(Supplied entries Opens)

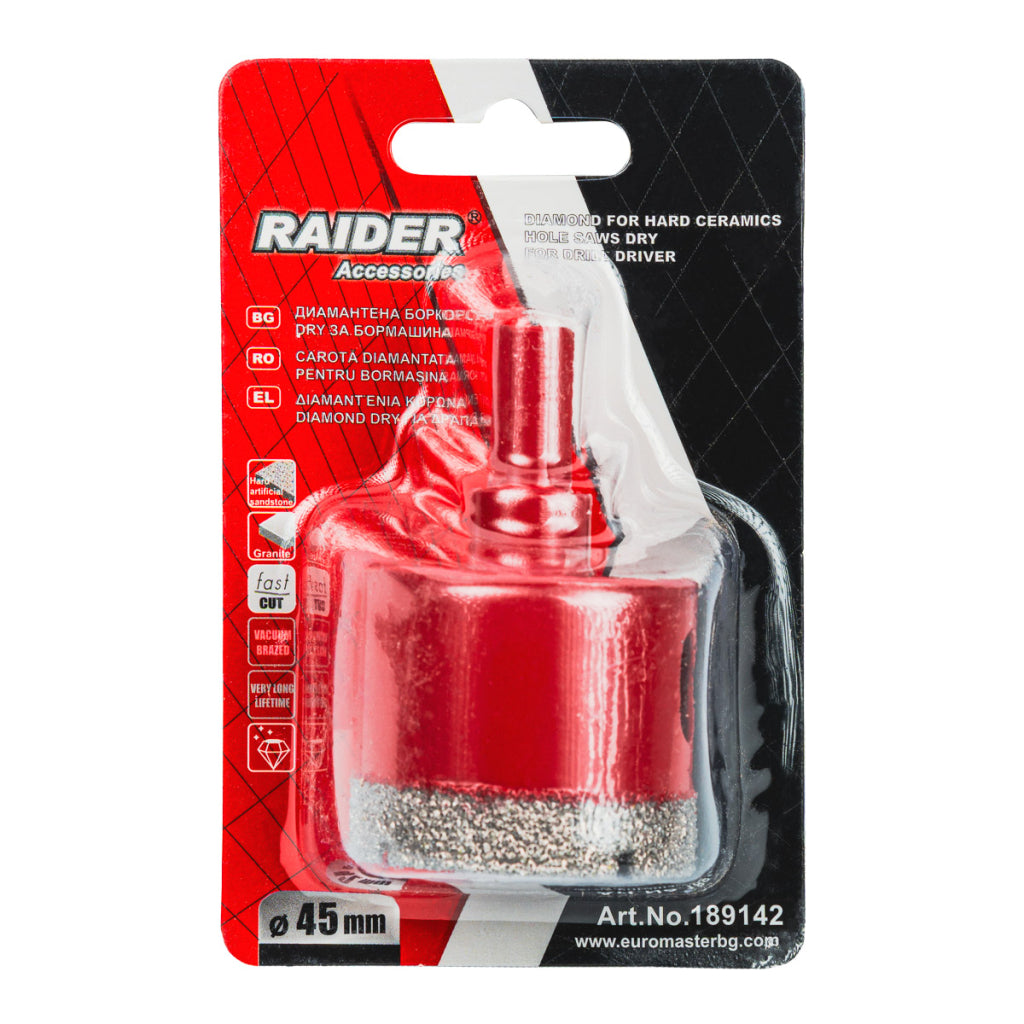 Raider Accessories Carota diamantata pentru Carotare uscata HEX Ø45mm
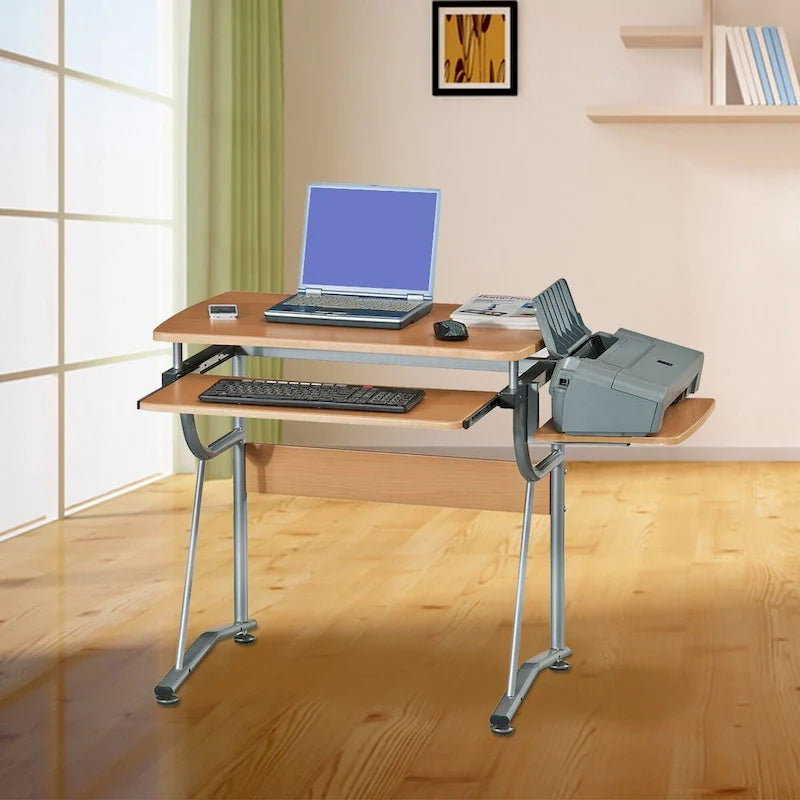 Scrivania per computer compatta monoposto marrone con vassoio per tastiera e ripiano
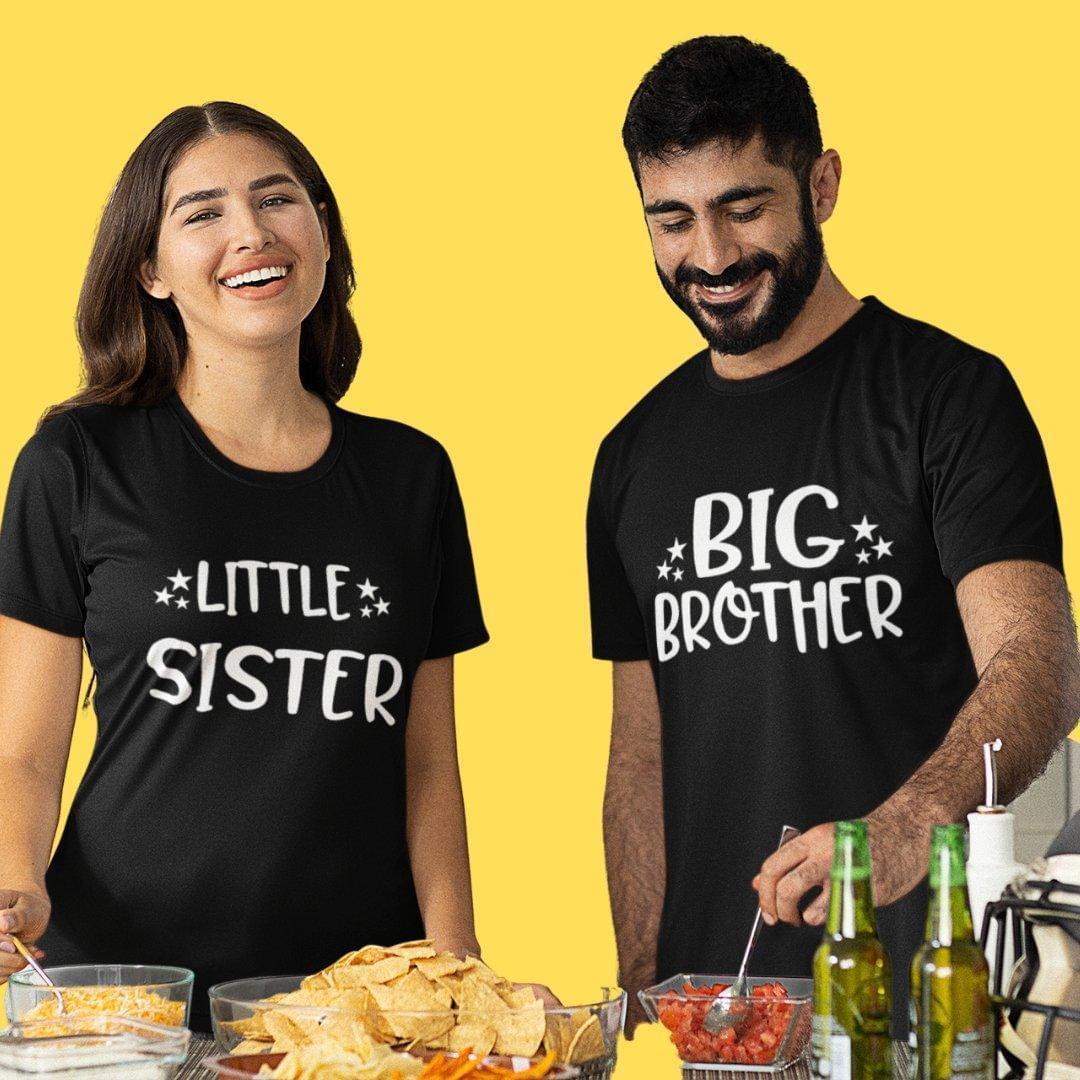 Sibling T Shirt for Adult Brother and Sister in Black Colour - Big Brother Little Sister Variant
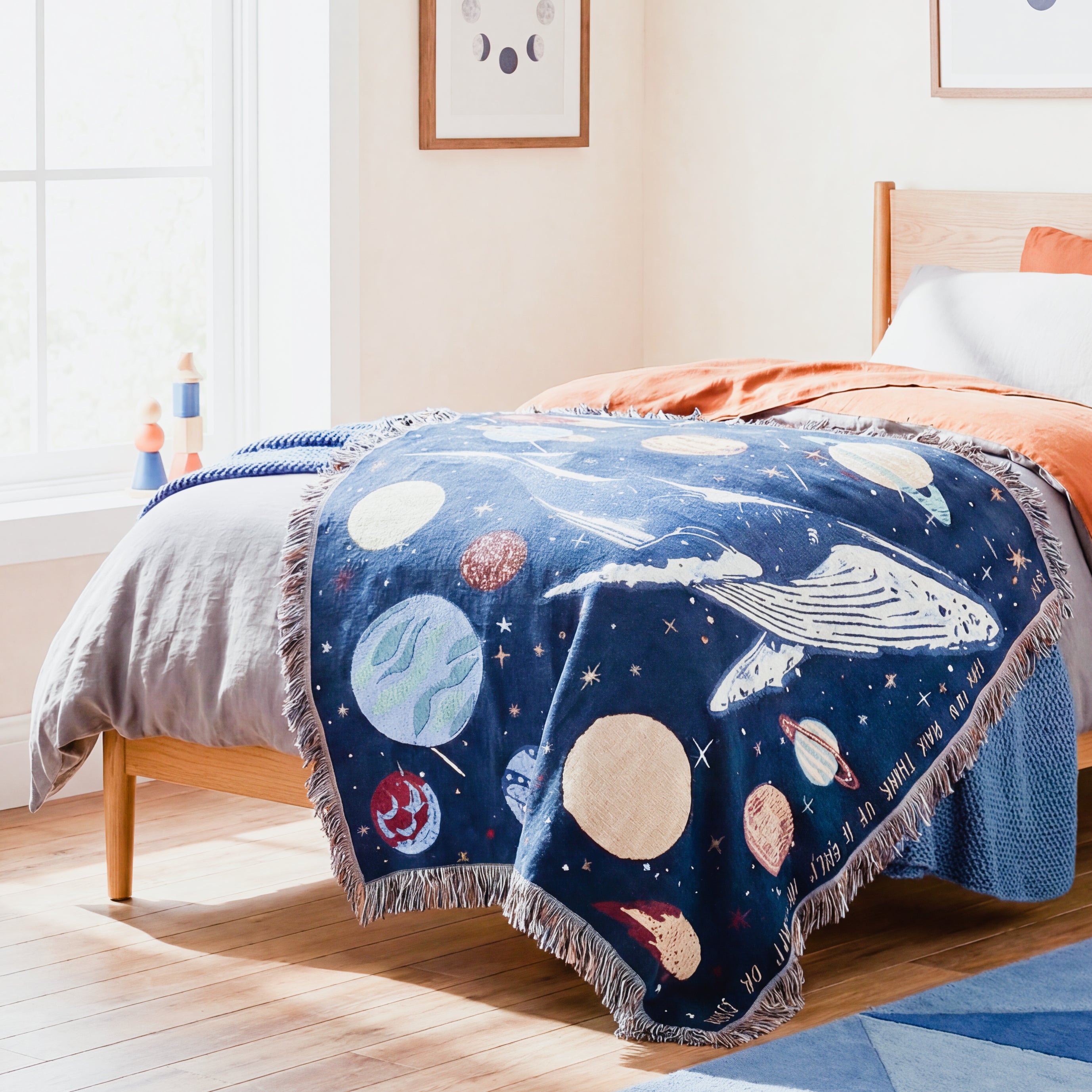 The Curious-est of Minds Woven Blanket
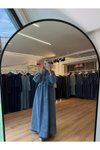 Mavi Önden Kurdale Bağlamalı Denim Kumaş Tesettür Elbise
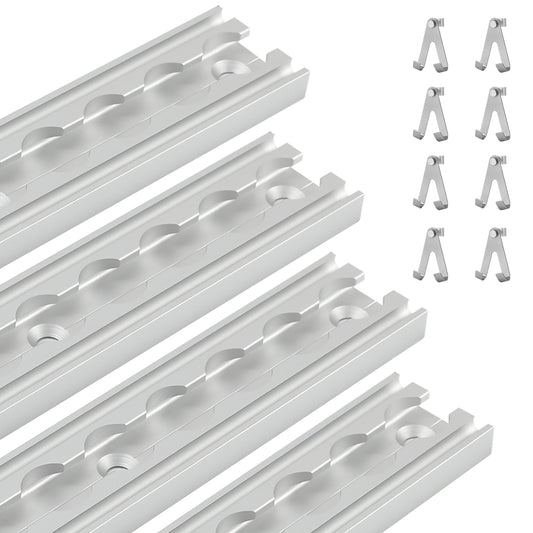 SWANEW 4-12x 1M Airlineschienen, Airlineschiene mit 8 Doppelhaken, für Transporter, Wohnwagen, LKWS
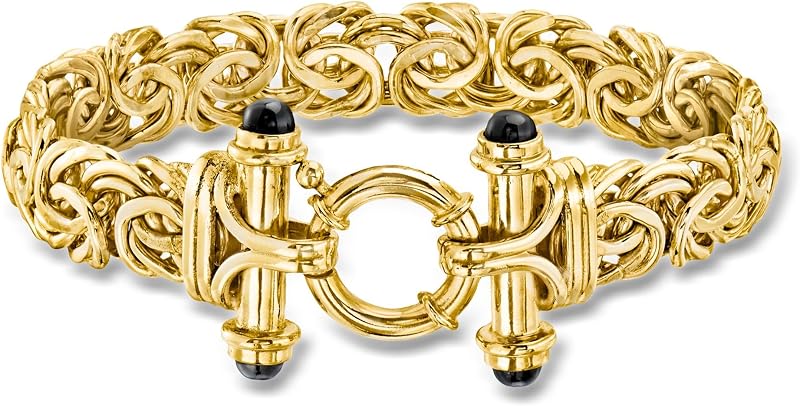 Ross-Simons 14kt Yellow Gold-Plated Byzantine Bracelet With Onyx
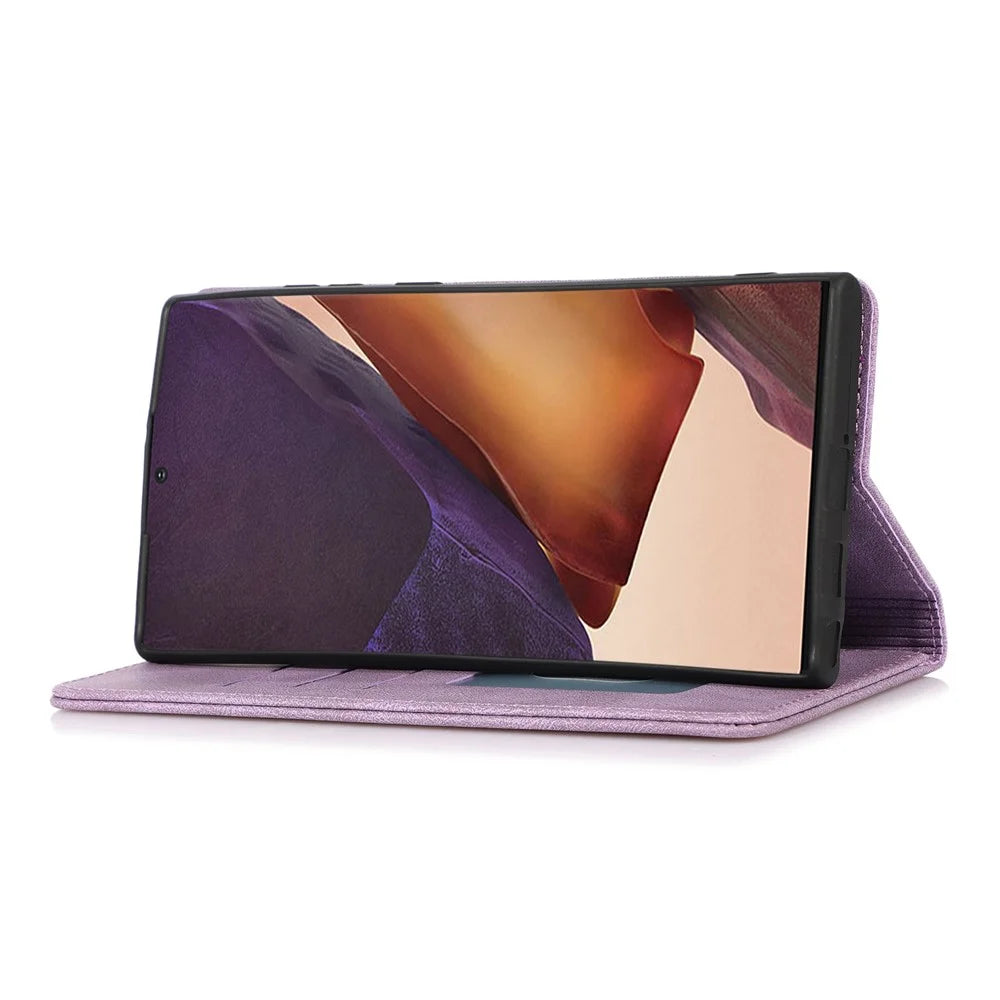 For Samsung Galaxy S24 Ultra TPU+PU Leather Phone Case Magnetic Stand Wallet Cover - Purple - 3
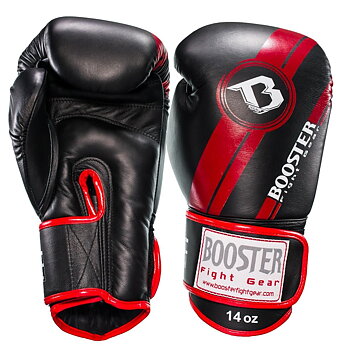 Booster Thaiboxhandske BGL-1-V3  Svart/Röd 10-16 oz
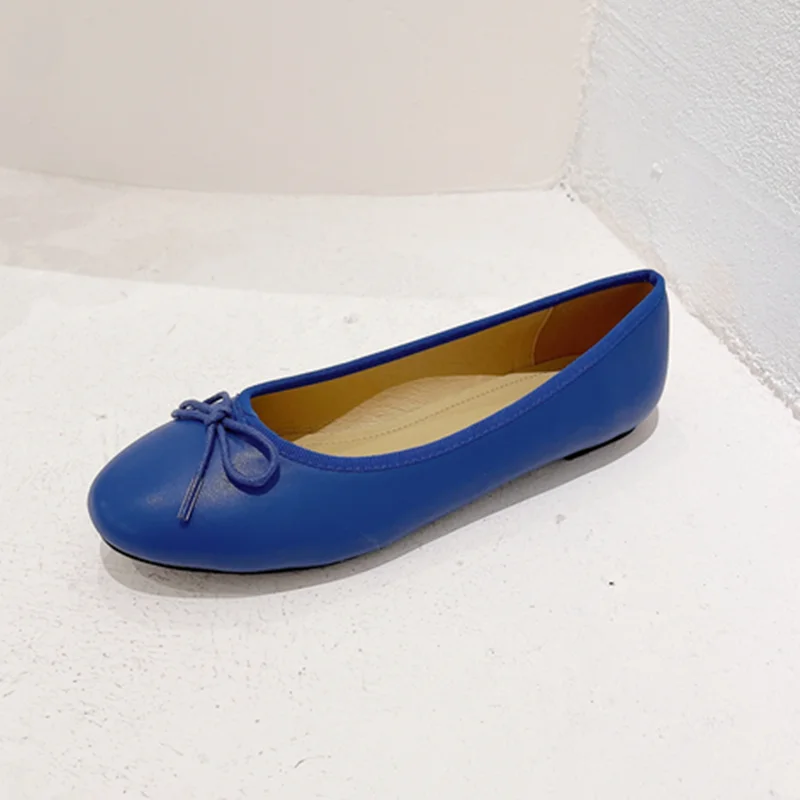 

Womens Stone Grain Royal Blue Purple Bow-Knot Dancing Flats Round Toe Wide Fitting Slip-Ons In Size 48 46 45 44 29cm Chaussures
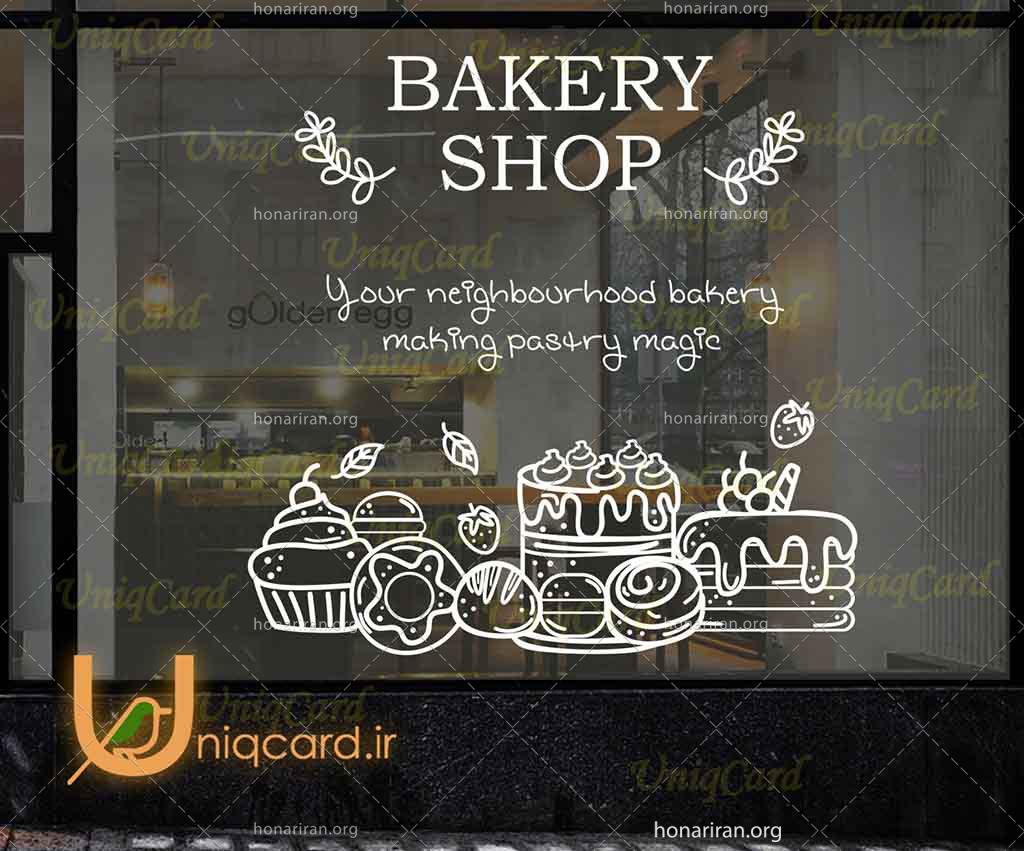 طرح لایه باز استیکر و برچسب شیشه بیکری و شیرینی فروشی با طرح انواع کیک و کلوچه و شیرینی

(Supplied entries Closes)

> [What the task asks]: Each line from the one containing "Scrivania per computer" through the last line of the entries above is to be extracted exactly. Pictures are not part of the copy.

> [Task result]:
 Scrivania per computer compatta monoposto marrone con vassoio per tastiera e ripiano
 Sibling T Shirt for Adult Brother and Sister in Black Colour - Big Brother Little Sister Variant
 The Curious-est of Minds Woven Blanket
 Mavi Önden Kurdale Bağlamalı Denim Kumaş Tesettür Elbise
 SWANEW 4-12x 1M Airlineschienen, Airlineschiene mit 8 Doppelhaken, für Transporter, Wohnwagen, LKWS
 Ross-Simons 14kt Yellow Gold-Plated Byzantine Bracelet With Onyx
 For Samsung Galaxy S24 Ultra TPU+PU Leather Phone Case Magnetic Stand Wallet Cover - Purple - 3
 Booster Thaiboxhandske BGL-1-V3  Svart/Röd 10-16 oz

Womens Stone Grain Royal Blue Purple Bow-Knot Dancing Flats Round Toe Wide Fitting Slip-Ons In Size 48 46 45 44 29cm Chaussures
 طرح لایه باز استیکر و برچسب شیشه بیکری و شیرینی فروشی با طرح انواع کیک و کلوچه و شیرینی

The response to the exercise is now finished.